B1: Effects and Handlers with Koka or Flix
Writing programs in a purely functional language comes with some advantages especially when we want to reason about the program. This is manly thanks to the fact that in purely functional languages functions are pure and therefore some function invocation `f x` always produces the same result because it is not able to alter any internal state.
Many programs, however, cannot be modelleded 100% as a completely determinstic mathematically pure function. For example, any program requiring IO (read and write to files, database, network communication), taking external actions such as (performing robotic actions, taking a camera picture), or getting truly random numbers. Other things that go beyond what pure functions can do, are nonterminating functions (the are the ability to have an infinite loop), or nondeterministic and probabilistic evaluation (to perform a coin flip, and return both results at the end of the function, exploring all combinatorial possibilities).

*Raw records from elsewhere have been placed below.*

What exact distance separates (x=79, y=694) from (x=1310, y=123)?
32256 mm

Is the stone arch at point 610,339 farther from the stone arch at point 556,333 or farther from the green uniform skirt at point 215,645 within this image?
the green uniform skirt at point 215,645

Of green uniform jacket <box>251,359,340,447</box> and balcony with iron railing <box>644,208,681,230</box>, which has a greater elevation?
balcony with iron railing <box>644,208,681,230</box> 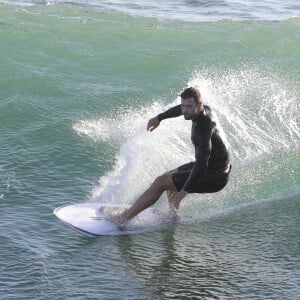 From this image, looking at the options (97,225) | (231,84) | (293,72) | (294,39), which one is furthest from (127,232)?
(294,39)

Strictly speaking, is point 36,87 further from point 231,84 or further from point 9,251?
point 9,251

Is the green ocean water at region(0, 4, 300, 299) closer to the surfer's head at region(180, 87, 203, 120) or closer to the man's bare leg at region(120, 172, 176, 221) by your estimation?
the man's bare leg at region(120, 172, 176, 221)

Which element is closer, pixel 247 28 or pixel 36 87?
pixel 36 87

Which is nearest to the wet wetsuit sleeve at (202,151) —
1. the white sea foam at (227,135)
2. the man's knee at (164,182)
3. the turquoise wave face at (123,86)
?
the man's knee at (164,182)

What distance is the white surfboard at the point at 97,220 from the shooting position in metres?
8.30

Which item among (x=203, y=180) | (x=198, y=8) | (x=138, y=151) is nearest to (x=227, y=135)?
(x=138, y=151)

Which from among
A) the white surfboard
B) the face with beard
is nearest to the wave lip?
the white surfboard

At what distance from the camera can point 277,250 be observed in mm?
7980

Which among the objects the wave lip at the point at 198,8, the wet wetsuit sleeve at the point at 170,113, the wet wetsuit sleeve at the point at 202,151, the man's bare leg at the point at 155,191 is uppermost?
the wave lip at the point at 198,8

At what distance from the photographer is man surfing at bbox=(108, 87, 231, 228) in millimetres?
7930

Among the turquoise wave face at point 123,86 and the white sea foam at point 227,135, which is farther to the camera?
the turquoise wave face at point 123,86

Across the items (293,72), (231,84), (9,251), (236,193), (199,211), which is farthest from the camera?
(293,72)

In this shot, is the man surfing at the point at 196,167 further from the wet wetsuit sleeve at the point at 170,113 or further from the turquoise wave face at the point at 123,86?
the turquoise wave face at the point at 123,86

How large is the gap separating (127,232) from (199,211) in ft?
3.81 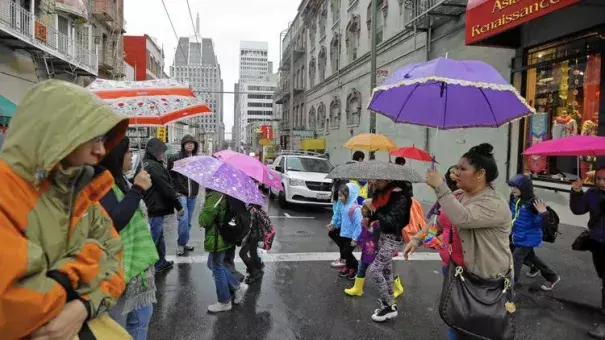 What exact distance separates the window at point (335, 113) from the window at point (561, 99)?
15913 millimetres

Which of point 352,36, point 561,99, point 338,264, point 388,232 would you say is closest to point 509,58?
point 561,99

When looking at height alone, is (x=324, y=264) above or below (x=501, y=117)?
below

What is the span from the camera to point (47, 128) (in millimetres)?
1334

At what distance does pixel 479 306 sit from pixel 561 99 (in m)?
8.70

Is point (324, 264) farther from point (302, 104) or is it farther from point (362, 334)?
point (302, 104)

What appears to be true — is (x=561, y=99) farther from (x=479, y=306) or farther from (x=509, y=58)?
(x=479, y=306)

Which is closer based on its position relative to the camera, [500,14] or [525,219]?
[525,219]

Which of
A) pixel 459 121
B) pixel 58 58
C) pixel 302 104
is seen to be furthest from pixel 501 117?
pixel 302 104

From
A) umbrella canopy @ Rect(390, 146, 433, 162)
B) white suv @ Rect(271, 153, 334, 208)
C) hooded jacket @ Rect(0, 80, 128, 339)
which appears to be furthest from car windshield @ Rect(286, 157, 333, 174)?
hooded jacket @ Rect(0, 80, 128, 339)

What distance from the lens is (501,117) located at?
3850mm

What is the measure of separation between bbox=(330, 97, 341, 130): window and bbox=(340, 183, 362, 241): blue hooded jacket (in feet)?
65.1

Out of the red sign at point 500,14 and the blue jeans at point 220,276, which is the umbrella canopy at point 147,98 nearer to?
the blue jeans at point 220,276

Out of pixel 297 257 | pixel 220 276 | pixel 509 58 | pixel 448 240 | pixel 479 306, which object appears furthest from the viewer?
pixel 509 58

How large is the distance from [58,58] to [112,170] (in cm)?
1998
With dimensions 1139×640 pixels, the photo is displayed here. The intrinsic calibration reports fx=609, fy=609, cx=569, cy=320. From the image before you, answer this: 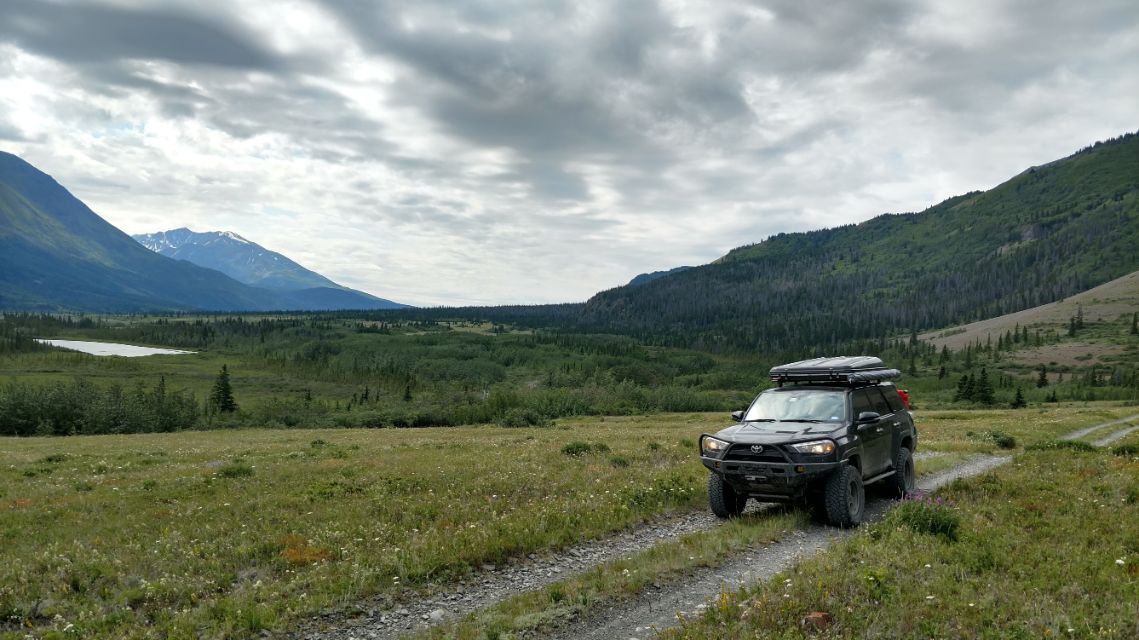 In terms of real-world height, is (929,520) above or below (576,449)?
above

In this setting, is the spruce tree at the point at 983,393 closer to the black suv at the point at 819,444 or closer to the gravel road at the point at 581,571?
the black suv at the point at 819,444

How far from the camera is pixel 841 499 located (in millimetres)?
12805

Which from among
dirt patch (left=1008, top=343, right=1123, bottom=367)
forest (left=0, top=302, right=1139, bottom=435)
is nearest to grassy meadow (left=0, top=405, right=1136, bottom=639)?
forest (left=0, top=302, right=1139, bottom=435)

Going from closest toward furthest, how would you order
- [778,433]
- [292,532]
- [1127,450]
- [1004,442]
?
[292,532], [778,433], [1127,450], [1004,442]

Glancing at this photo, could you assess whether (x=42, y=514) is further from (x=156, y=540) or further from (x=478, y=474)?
(x=478, y=474)

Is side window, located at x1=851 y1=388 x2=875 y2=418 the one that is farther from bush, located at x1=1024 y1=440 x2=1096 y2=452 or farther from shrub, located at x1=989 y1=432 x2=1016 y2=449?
shrub, located at x1=989 y1=432 x2=1016 y2=449

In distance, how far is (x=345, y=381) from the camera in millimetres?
177000

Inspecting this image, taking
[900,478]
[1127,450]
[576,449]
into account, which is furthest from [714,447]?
[1127,450]

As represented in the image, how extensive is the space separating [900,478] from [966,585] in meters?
8.33

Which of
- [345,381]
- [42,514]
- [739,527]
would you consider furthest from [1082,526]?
[345,381]

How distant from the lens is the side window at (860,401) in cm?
1484

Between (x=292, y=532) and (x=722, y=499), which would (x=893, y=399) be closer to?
(x=722, y=499)

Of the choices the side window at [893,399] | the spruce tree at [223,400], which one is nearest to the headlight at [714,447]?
the side window at [893,399]

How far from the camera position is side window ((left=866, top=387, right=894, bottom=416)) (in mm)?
16031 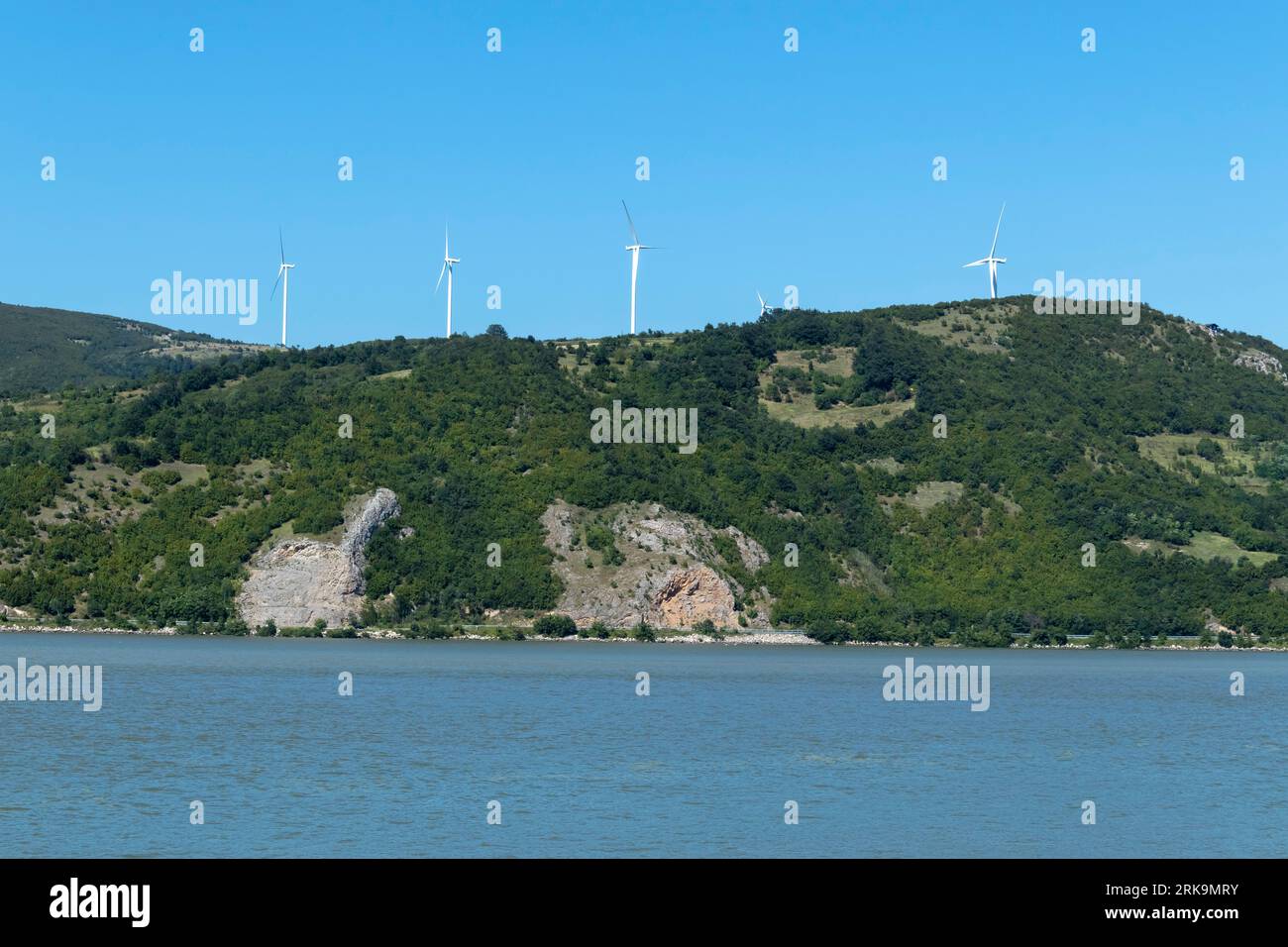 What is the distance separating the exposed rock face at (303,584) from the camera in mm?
117562

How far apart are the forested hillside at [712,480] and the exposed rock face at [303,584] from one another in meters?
1.58

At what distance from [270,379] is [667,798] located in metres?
124

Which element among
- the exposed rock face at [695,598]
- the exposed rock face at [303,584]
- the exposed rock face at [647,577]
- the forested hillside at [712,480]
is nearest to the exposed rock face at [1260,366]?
the forested hillside at [712,480]

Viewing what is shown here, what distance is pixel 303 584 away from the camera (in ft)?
389

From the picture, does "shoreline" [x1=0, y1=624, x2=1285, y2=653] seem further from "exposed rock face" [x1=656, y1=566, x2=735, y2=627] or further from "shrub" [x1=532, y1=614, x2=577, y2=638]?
"exposed rock face" [x1=656, y1=566, x2=735, y2=627]

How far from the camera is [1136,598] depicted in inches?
5325

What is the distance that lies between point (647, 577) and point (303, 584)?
24.9 meters

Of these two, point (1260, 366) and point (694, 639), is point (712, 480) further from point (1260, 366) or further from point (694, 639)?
point (1260, 366)

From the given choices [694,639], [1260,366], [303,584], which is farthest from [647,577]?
[1260,366]

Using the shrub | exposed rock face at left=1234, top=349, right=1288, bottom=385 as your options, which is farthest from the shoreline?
exposed rock face at left=1234, top=349, right=1288, bottom=385

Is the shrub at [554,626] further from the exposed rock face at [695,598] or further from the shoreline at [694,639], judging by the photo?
the exposed rock face at [695,598]

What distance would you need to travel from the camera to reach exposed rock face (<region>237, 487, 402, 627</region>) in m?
118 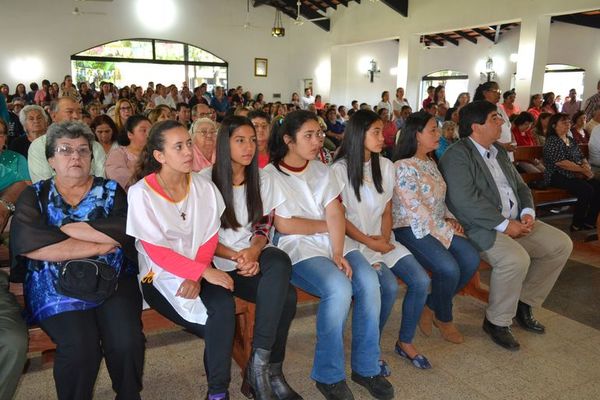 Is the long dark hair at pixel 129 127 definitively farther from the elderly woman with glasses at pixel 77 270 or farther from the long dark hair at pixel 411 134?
the long dark hair at pixel 411 134

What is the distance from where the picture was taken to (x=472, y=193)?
2.86m

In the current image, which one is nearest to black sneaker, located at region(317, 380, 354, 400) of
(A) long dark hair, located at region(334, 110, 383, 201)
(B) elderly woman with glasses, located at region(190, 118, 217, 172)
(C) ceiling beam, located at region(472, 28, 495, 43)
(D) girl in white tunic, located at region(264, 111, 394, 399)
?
(D) girl in white tunic, located at region(264, 111, 394, 399)

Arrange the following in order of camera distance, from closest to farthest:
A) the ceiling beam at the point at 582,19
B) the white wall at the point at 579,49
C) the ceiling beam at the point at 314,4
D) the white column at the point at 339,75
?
the ceiling beam at the point at 582,19 < the white wall at the point at 579,49 < the ceiling beam at the point at 314,4 < the white column at the point at 339,75

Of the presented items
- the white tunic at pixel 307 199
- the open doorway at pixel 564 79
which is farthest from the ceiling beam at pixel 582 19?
the white tunic at pixel 307 199

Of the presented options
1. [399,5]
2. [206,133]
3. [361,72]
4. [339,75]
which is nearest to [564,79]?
[399,5]

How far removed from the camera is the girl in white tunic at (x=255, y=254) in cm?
201

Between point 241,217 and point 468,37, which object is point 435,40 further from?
point 241,217

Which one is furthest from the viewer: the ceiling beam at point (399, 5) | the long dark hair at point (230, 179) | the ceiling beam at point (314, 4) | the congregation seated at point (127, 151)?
the ceiling beam at point (314, 4)

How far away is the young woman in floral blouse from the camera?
268 cm

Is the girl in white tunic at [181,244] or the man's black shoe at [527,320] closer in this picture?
the girl in white tunic at [181,244]

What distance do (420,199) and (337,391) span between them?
115 centimetres

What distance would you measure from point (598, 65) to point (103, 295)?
52.2 ft

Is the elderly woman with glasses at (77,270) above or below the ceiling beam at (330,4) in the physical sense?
below

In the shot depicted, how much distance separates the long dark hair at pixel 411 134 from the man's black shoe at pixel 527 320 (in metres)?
1.14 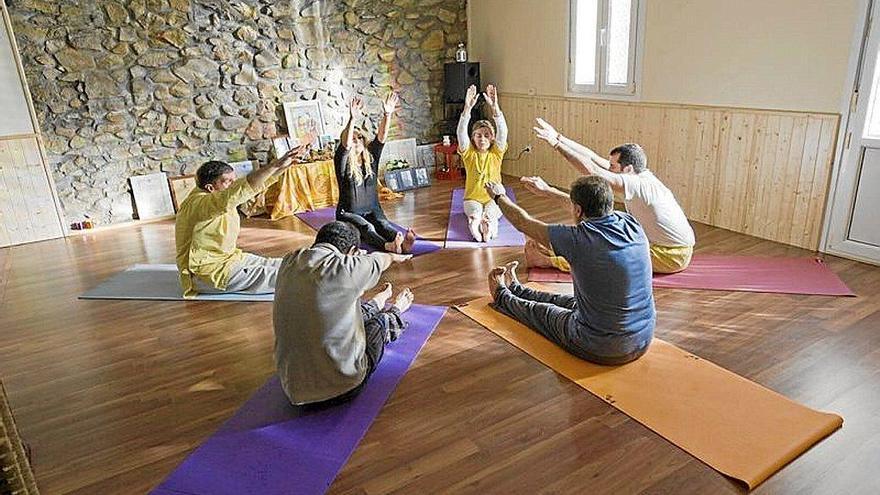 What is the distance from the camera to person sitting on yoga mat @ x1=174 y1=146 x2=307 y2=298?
3125mm

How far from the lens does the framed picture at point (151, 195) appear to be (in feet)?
18.0

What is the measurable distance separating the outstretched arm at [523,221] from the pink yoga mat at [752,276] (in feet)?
3.16

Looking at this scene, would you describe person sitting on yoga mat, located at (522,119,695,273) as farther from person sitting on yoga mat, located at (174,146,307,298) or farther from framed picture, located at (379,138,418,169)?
framed picture, located at (379,138,418,169)

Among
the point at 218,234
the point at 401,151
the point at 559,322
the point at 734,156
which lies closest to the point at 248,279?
the point at 218,234

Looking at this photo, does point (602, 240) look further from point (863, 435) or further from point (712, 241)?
point (712, 241)

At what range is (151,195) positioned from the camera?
5559 mm

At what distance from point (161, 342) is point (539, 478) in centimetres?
222

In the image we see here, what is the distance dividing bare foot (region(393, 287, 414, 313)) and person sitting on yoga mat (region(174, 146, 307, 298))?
0.95 m

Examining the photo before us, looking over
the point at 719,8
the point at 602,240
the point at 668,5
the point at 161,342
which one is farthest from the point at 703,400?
the point at 668,5

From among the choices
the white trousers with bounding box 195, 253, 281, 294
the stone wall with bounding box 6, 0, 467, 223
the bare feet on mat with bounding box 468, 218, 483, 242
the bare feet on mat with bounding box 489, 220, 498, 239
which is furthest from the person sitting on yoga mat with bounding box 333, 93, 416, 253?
the stone wall with bounding box 6, 0, 467, 223

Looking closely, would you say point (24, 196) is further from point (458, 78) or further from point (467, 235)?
point (458, 78)

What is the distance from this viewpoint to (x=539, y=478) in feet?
6.46

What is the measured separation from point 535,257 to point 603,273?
4.74ft

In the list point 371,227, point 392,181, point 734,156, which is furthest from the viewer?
point 392,181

These things are called (side)-effects.
There have been different ways to handle effects
- Classical languages, such as Python, C, and C++, Rust, Java, Scala, JavaScript were designed with a pre-built set of side-effects (mutable state, IO, randomness, etc) with builtin keywords to activate them, and it is very hard or impossible to add further effects later on (async/await), leading to strange and undefined interactions between them
- In some programming languages, there are libraries that allow to model user-defined effects, (e.g., Monads in Haskell, Monads in Scala, Monad Transformer Libraries, Freer Monads)
- Finally, and this is the point of this topics, some programming languages are speficically designed to allow the user to define their own effects and use them (e.g., Koka, Flix)
In this Seminar topic you will learn one of the two languages Koka or Flix and research on the advantages and disadvantages of those effect languages.